- ACTIVITY -
Copy, exactly as written, the lines that begin at the one containing "Ivan Gunawan Tegaskan" and end at the one containing "Porsche 911 GT3R in Oschersleben". Skip any pictures in the data below.

- SOURCE RECORDS -
# # # # # # #

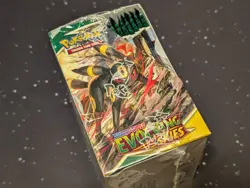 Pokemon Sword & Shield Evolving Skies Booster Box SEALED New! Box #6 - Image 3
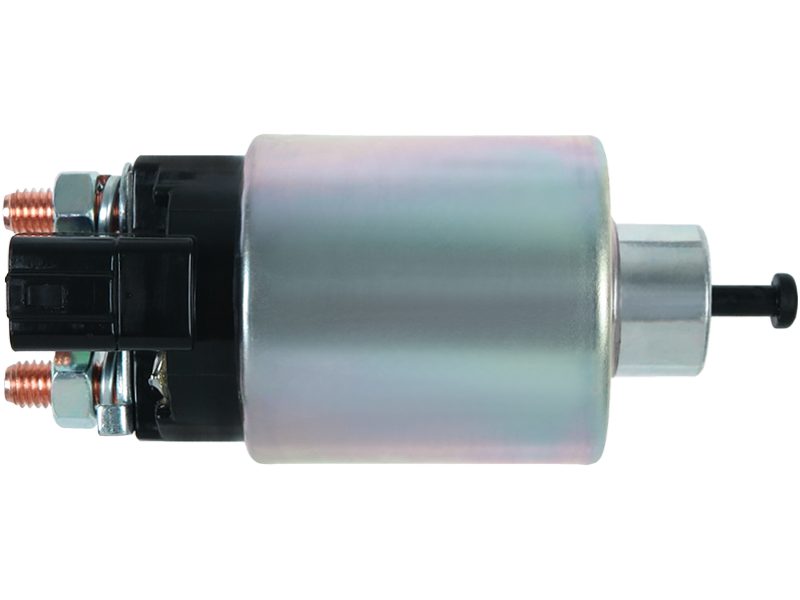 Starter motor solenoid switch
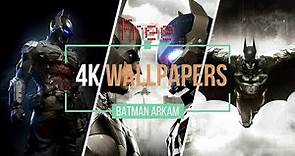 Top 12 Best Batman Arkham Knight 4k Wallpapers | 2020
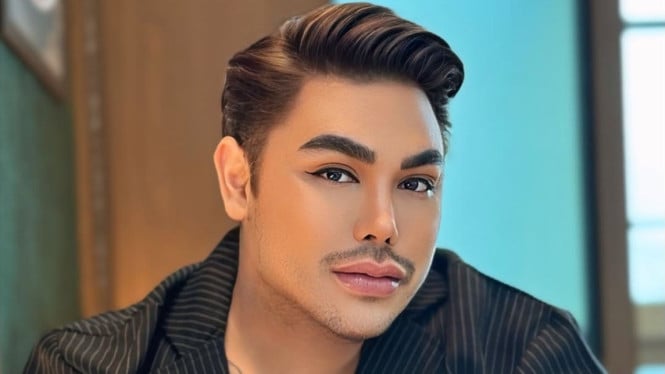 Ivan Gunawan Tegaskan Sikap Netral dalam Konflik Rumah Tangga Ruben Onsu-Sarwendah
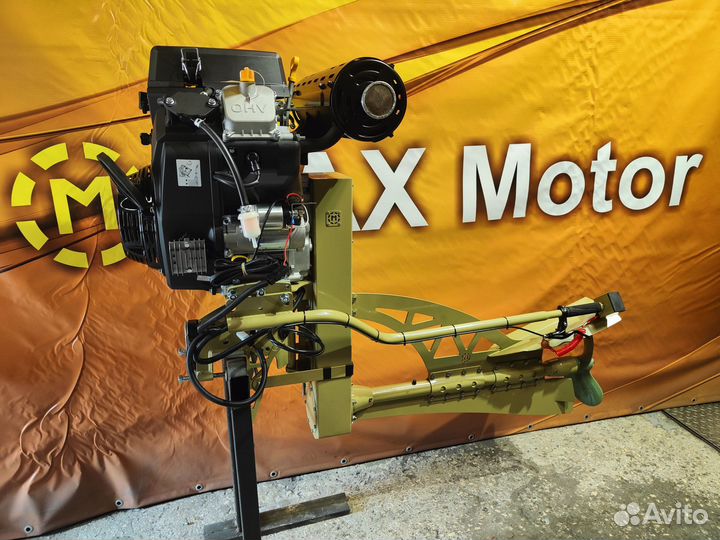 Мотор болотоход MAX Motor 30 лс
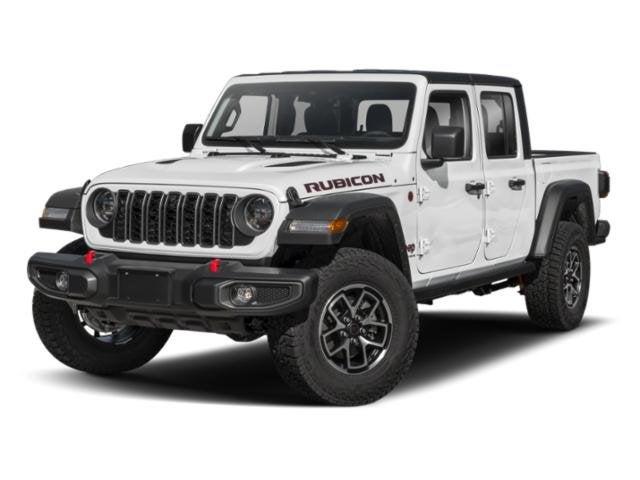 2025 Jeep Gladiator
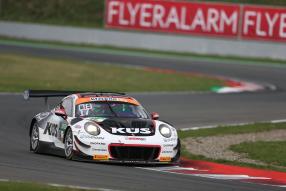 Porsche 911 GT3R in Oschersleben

# # # # # # #

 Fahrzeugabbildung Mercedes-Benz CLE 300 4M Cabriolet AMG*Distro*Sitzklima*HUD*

# # # # # # #

- SOLUTION TO THIS TASK -
 Ivan Gunawan Tegaskan Sikap Netral dalam Konflik Rumah Tangga Ruben Onsu-Sarwendah
 Мотор болотоход MAX Motor 30 лс
 2025 Jeep Gladiator
 Porsche 911 GT3R in Oschersleben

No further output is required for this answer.